For Lil Nas X, who revealed in 2019 that he is gay, “Montero” signalled a new and emphatically libidinal phase in his art. At the end of the video, the singer, dressed in nothing but a pair of briefs and thigh-high boots, slides down a never-ending stripper pole and lands in a version of Hell, where he performs a striptease for Satan. As part of the rollout for the video, Lil Nas X announced a collaboration with a company called MSCHF, which designed a limited-edition run of satanic-themed Nikes, each allegedly containing a drop of human blood in its sole. The video was raunchy, sure, but it was too absurdist to be as salacious as its naysayers made it out to be. Nevertheless, after the release of the video and the sneakers, Lil Nas X was decried by Christian pastors, Fox News, and even the South Dakota governor, Kristi Noem. (“We are in a fight for the soul of our nation,” she tweeted.) The critiques only affirmed Lil Nas X’s intuitive ability to create a major moment in pop culture. “Montero” the song—a hand-clappy fusion of hip-hop and flamenco with lyrics about Lil Nas X’s desperate longing for one man—was almost beside the point. “Old Town Road” lived in a psychedelic alternative universe, bridging the familiar with the futuristic. “Montero” positioned Lil Nas X in pop music’s present-day reality, which is not nearly as fun.

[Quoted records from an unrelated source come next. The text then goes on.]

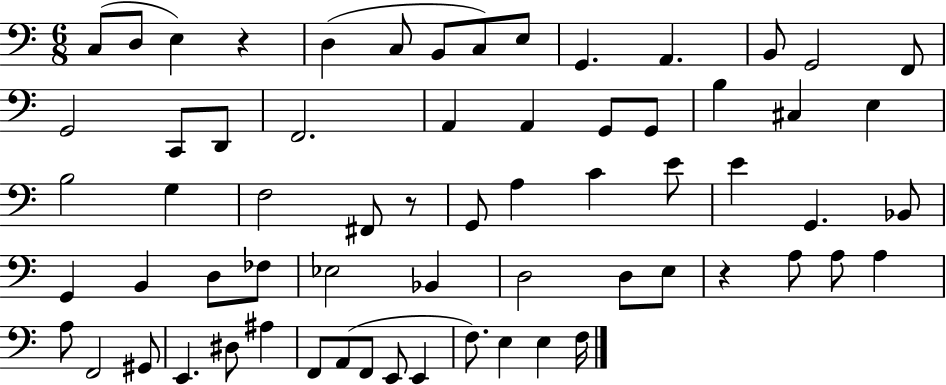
X:1
T:Untitled
M:6/8
L:1/4
K:C
C,/2 D,/2 E, z D, C,/2 B,,/2 C,/2 E,/2 G,, A,, B,,/2 G,,2 F,,/2 G,,2 C,,/2 D,,/2 F,,2 A,, A,, G,,/2 G,,/2 B, ^C, E, B,2 G, F,2 ^F,,/2 z/2 G,,/2 A, C E/2 E G,, _B,,/2 G,, B,, D,/2 _F,/2 _E,2 _B,, D,2 D,/2 E,/2 z A,/2 A,/2 A, A,/2 F,,2 ^G,,/2 E,, ^D,/2 ^A, F,,/2 A,,/2 F,,/2 E,,/2 E,, F,/2 E, E, F,/4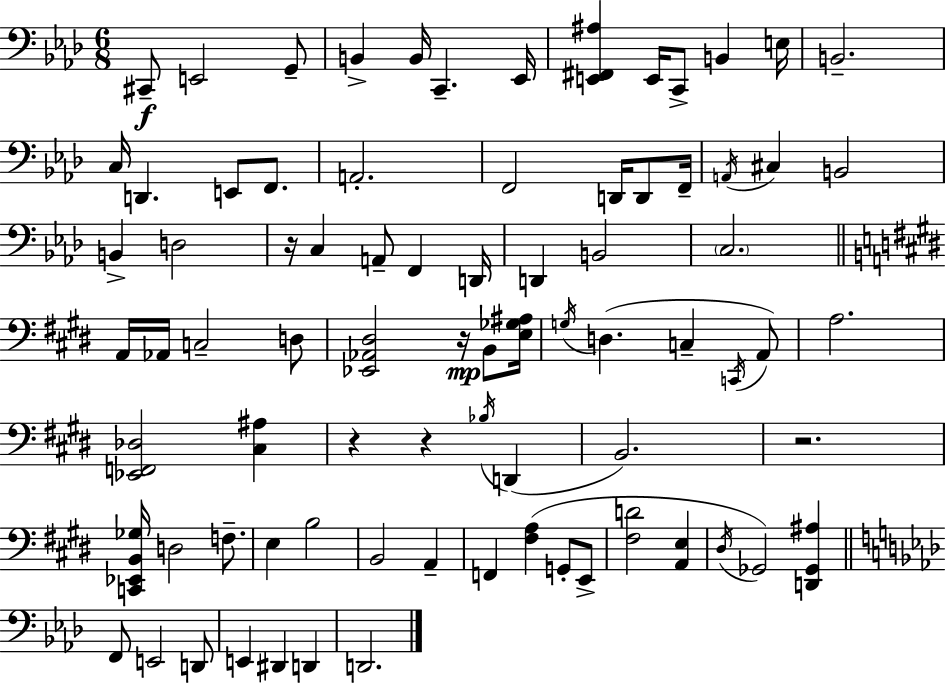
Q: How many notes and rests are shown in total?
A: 80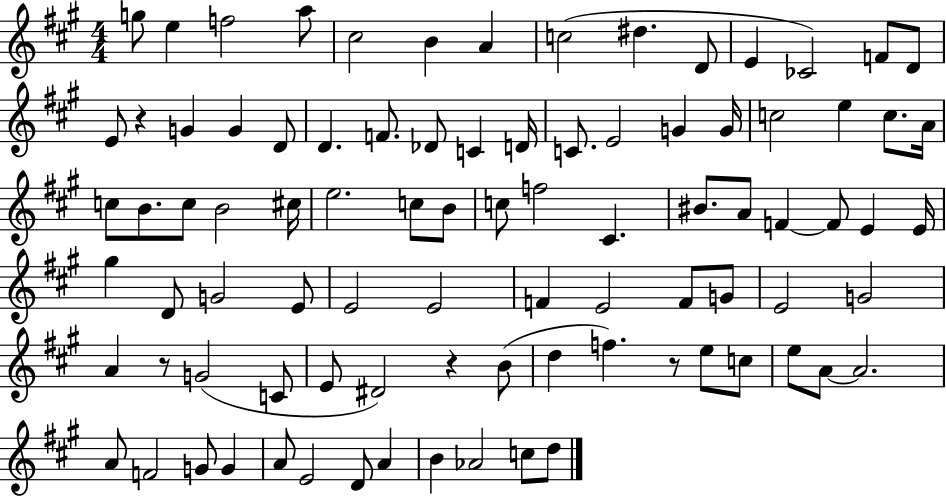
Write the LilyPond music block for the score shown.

{
  \clef treble
  \numericTimeSignature
  \time 4/4
  \key a \major
  g''8 e''4 f''2 a''8 | cis''2 b'4 a'4 | c''2( dis''4. d'8 | e'4 ces'2) f'8 d'8 | \break e'8 r4 g'4 g'4 d'8 | d'4. f'8. des'8 c'4 d'16 | c'8. e'2 g'4 g'16 | c''2 e''4 c''8. a'16 | \break c''8 b'8. c''8 b'2 cis''16 | e''2. c''8 b'8 | c''8 f''2 cis'4. | bis'8. a'8 f'4~~ f'8 e'4 e'16 | \break gis''4 d'8 g'2 e'8 | e'2 e'2 | f'4 e'2 f'8 g'8 | e'2 g'2 | \break a'4 r8 g'2( c'8 | e'8 dis'2) r4 b'8( | d''4 f''4.) r8 e''8 c''8 | e''8 a'8~~ a'2. | \break a'8 f'2 g'8 g'4 | a'8 e'2 d'8 a'4 | b'4 aes'2 c''8 d''8 | \bar "|."
}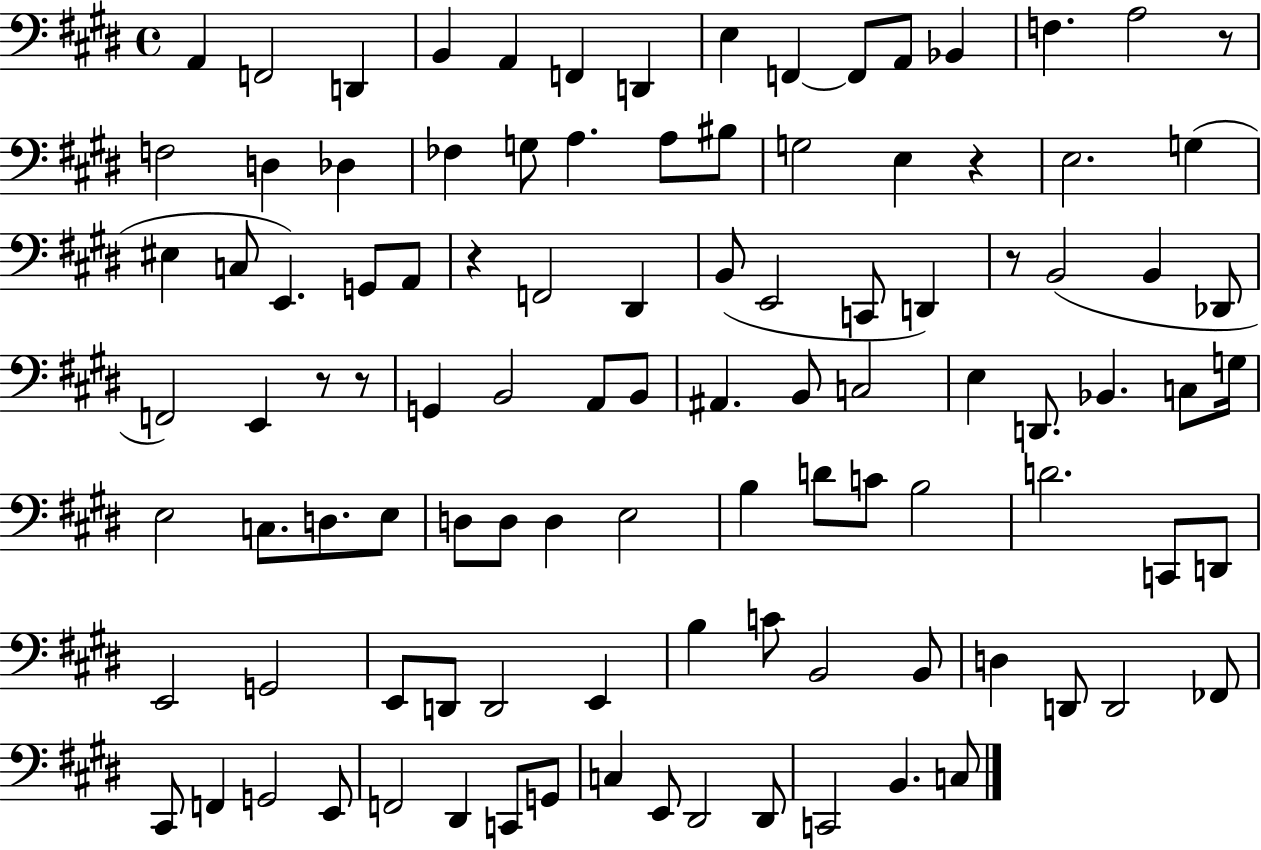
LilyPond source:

{
  \clef bass
  \time 4/4
  \defaultTimeSignature
  \key e \major
  a,4 f,2 d,4 | b,4 a,4 f,4 d,4 | e4 f,4~~ f,8 a,8 bes,4 | f4. a2 r8 | \break f2 d4 des4 | fes4 g8 a4. a8 bis8 | g2 e4 r4 | e2. g4( | \break eis4 c8 e,4.) g,8 a,8 | r4 f,2 dis,4 | b,8( e,2 c,8 d,4) | r8 b,2( b,4 des,8 | \break f,2) e,4 r8 r8 | g,4 b,2 a,8 b,8 | ais,4. b,8 c2 | e4 d,8. bes,4. c8 g16 | \break e2 c8. d8. e8 | d8 d8 d4 e2 | b4 d'8 c'8 b2 | d'2. c,8 d,8 | \break e,2 g,2 | e,8 d,8 d,2 e,4 | b4 c'8 b,2 b,8 | d4 d,8 d,2 fes,8 | \break cis,8 f,4 g,2 e,8 | f,2 dis,4 c,8 g,8 | c4 e,8 dis,2 dis,8 | c,2 b,4. c8 | \break \bar "|."
}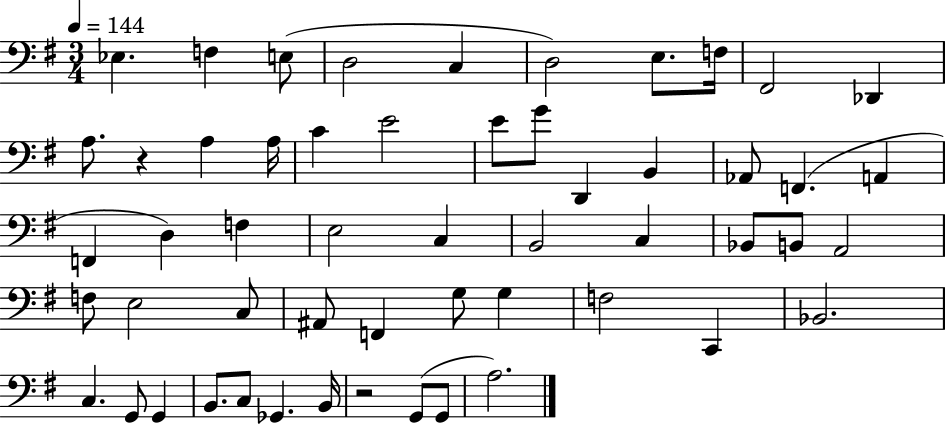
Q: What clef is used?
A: bass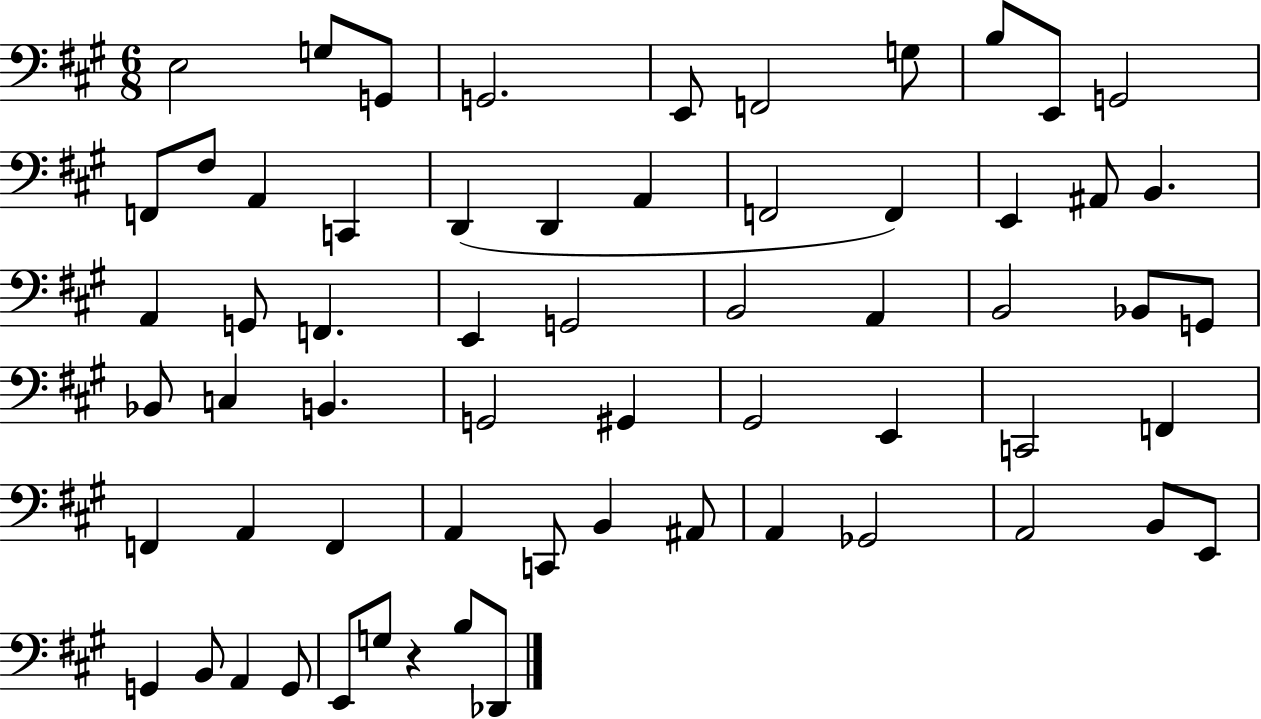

The frenzy of attention around the “Montero” video seemed only to fuel Lil Nas X’s taste for provocation. In July, he released the music video for a new single, “Industry Baby,” another ambitious visual feast, this time with a mischievous eye trained on the institution of prison. The clip features Lil Nas X as an inmate at Montero State Prison, a place where the prisoners wear bright-pink uniforms, and sometimes nothing at all. Riffing on Black male sexuality in the context of incarceration, Lil Nas X performs an energetic dance routine in the showers with his fellow-inmates. The song, which nods to some of the hip-hop pumping out of Lil Nas X’s home town of Atlanta, contains a triumphant horn arrangement and a swaggering chorus: “This one is for the champions.” It also has a forgettable guest verse by Jack Harlow, the faintly charming, cocksure white rapper du jour. (Near the end of the video, Lil Nas X escapes the prison when one of the guards is distracted by watching the video for “Montero (Call Me by Your Name).”) Not since Lady Gaga in her early days of stardom has an artist so fully taken advantage of the music video as a receptacle for camp, comedy, social commentary, and ostentation. And as with Lady Gaga there’s some cognitive dissonance involved in the pairing of such over-the-top videos with otherwise unremarkable pop songs. Since “Old Town Road,” Lil Nas X has yet to produce a song that feels worthy of such pomp.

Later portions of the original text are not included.